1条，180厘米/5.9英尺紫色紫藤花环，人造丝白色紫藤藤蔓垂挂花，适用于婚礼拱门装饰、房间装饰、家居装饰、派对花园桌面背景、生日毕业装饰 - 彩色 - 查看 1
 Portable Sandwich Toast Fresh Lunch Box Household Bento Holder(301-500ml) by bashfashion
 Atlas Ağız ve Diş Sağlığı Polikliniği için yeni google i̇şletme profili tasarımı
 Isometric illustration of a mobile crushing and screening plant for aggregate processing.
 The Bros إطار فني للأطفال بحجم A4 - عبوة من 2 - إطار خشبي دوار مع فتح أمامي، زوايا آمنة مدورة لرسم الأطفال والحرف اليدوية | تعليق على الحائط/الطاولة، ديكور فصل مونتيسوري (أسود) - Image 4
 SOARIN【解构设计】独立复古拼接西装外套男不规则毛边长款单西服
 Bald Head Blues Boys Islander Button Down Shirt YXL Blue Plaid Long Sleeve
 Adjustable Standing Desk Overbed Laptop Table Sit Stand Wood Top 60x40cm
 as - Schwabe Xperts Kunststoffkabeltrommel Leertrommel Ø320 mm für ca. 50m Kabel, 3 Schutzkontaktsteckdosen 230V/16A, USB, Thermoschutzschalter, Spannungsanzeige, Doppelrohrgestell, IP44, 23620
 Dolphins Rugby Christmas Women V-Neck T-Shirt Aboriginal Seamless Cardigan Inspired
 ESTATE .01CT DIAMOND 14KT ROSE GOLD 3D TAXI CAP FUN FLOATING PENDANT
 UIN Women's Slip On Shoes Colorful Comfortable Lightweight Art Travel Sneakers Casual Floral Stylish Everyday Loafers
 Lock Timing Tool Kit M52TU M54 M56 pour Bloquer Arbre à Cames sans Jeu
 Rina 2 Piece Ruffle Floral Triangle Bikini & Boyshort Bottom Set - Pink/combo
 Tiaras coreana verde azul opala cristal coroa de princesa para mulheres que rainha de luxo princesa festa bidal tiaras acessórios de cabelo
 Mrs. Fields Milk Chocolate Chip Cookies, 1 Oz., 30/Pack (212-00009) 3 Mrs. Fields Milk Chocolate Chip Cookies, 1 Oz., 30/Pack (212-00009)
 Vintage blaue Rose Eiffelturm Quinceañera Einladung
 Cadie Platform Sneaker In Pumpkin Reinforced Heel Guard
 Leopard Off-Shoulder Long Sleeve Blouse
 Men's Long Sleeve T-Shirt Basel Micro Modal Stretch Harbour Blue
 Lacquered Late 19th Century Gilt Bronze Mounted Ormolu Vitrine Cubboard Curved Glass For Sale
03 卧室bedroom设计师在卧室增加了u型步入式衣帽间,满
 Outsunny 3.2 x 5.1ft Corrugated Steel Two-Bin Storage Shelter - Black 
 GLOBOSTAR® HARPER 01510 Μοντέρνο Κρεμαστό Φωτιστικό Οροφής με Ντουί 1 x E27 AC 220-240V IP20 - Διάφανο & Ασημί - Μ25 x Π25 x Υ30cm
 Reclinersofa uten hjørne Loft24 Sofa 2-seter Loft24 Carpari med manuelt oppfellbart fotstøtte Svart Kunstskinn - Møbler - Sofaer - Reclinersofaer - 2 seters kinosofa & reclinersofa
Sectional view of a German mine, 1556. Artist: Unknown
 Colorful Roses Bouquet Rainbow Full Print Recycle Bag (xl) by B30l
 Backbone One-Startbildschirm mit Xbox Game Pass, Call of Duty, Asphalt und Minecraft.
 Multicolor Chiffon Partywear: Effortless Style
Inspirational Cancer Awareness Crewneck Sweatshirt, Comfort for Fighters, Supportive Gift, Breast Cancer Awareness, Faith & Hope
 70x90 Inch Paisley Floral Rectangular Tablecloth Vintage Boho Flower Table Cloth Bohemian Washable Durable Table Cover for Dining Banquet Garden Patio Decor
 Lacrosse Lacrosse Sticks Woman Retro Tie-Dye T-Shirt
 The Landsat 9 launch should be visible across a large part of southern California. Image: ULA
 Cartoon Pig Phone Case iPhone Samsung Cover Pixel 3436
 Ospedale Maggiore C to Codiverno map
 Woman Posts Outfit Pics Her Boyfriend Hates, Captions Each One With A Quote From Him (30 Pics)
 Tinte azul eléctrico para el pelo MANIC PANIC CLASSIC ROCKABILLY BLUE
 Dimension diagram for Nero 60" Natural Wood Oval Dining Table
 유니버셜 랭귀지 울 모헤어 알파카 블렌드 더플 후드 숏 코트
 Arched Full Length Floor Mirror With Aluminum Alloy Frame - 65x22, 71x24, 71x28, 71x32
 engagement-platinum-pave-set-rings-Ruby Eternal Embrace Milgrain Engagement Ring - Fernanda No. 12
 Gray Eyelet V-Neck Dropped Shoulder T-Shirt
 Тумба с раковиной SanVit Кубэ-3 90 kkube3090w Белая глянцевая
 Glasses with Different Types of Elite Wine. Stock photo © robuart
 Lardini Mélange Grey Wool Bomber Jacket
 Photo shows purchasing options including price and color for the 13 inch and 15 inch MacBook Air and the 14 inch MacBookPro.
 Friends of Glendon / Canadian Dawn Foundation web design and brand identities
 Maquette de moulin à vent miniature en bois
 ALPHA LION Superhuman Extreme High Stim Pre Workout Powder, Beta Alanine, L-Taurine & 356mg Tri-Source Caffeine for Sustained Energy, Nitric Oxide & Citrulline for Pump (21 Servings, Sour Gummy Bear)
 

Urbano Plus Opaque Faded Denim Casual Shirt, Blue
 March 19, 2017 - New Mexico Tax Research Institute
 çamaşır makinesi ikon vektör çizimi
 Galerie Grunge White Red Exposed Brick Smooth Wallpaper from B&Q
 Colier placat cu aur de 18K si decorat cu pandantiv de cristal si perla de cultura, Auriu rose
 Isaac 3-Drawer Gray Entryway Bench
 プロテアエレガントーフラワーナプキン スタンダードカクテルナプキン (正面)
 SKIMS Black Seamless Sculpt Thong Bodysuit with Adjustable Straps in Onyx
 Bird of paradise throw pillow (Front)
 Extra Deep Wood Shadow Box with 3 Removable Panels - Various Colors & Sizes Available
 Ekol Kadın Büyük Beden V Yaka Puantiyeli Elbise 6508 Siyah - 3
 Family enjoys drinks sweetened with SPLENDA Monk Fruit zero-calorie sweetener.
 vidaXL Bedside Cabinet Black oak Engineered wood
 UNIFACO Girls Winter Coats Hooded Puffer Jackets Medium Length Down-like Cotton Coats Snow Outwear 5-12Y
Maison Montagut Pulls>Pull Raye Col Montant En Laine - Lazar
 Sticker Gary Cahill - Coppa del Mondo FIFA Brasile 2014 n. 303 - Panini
________________
**Assignment:** Above are the records. Copy the lines beginning at the one that has "Lacquered Late 19th" and ending with the one that has "Outsunny 3.2 x", unchanged.

**Written answer:**
 Lacquered Late 19th Century Gilt Bronze Mounted Ormolu Vitrine Cubboard Curved Glass For Sale
03 卧室bedroom设计师在卧室增加了u型步入式衣帽间,满
 Outsunny 3.2 x 5.1ft Corrugated Steel Two-Bin Storage Shelter - Black 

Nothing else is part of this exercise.